Try it
Output every line from the beginning of the records through the line that contains "Appartamento in vendita a Contigliano, Lazio", exactly as it appears.

(Web page caption snippets)
::::::::::

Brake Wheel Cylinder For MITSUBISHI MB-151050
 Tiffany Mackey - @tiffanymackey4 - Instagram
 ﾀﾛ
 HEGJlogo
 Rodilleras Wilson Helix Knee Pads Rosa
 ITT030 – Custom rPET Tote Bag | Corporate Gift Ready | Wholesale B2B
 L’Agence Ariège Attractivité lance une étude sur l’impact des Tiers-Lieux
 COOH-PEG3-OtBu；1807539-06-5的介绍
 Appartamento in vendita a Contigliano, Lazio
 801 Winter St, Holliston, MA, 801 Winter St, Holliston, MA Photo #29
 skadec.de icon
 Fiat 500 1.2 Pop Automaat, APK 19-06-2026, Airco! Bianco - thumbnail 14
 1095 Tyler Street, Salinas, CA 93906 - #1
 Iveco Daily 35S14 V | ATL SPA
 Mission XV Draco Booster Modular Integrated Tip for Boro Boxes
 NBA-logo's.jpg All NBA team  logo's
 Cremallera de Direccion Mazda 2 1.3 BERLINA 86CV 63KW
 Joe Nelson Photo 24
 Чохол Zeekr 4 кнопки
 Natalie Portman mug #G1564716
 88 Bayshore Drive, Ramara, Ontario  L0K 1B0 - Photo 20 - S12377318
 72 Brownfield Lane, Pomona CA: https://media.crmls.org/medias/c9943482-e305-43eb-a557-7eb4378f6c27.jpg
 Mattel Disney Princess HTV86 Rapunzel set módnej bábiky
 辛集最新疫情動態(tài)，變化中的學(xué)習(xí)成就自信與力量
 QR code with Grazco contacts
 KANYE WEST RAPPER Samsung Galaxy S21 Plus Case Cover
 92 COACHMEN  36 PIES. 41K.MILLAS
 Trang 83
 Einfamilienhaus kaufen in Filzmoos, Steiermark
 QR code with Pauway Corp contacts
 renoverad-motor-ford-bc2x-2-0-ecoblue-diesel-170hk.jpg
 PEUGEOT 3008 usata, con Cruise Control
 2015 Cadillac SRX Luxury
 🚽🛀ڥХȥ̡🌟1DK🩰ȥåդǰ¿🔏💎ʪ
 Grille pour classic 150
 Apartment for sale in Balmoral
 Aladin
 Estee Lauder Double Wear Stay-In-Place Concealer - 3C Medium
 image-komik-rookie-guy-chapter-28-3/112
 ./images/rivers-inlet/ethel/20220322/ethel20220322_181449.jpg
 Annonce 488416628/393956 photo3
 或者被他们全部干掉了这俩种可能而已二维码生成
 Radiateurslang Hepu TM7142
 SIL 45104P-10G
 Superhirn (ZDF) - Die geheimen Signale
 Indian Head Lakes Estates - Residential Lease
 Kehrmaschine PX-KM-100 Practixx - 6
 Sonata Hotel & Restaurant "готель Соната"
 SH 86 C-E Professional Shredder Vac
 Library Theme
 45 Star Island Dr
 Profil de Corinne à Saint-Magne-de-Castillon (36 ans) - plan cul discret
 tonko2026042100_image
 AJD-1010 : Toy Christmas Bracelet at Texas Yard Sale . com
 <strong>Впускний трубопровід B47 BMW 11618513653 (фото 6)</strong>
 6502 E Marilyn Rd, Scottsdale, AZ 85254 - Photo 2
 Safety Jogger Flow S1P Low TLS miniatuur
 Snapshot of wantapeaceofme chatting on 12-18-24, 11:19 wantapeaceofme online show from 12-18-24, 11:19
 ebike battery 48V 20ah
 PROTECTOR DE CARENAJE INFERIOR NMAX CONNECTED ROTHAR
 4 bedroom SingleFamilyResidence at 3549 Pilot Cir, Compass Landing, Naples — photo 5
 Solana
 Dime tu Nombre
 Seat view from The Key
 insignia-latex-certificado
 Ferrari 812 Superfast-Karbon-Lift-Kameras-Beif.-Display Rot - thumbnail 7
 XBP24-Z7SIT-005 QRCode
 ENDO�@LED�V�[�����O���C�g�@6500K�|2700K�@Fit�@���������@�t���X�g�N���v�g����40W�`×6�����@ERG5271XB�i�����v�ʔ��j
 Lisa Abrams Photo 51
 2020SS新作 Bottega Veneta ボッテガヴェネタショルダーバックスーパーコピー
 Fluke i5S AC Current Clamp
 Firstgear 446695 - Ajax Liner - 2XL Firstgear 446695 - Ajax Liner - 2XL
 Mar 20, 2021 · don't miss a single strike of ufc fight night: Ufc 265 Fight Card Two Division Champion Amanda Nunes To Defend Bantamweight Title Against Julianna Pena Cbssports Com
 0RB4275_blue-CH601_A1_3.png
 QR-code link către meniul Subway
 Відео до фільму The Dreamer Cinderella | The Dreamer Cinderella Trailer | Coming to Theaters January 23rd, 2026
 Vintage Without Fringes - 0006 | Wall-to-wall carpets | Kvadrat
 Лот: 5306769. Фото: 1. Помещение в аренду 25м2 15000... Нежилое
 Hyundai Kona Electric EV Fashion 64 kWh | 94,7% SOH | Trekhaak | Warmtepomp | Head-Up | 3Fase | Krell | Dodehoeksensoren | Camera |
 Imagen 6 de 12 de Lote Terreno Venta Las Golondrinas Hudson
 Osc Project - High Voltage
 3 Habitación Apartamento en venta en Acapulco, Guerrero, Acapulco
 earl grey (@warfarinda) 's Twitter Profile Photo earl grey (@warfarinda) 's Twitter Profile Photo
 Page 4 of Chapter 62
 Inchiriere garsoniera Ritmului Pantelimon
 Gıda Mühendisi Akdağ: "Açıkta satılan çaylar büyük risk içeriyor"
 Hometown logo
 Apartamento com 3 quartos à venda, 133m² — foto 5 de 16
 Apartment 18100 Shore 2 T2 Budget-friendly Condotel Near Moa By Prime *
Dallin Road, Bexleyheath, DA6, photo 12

::::::::::

Exercise solution
Brake Wheel Cylinder For MITSUBISHI MB-151050
 Tiffany Mackey - @tiffanymackey4 - Instagram
 ﾀﾛ
 HEGJlogo
 Rodilleras Wilson Helix Knee Pads Rosa
 ITT030 – Custom rPET Tote Bag | Corporate Gift Ready | Wholesale B2B
 L’Agence Ariège Attractivité lance une étude sur l’impact des Tiers-Lieux
 COOH-PEG3-OtBu；1807539-06-5的介绍
 Appartamento in vendita a Contigliano, Lazio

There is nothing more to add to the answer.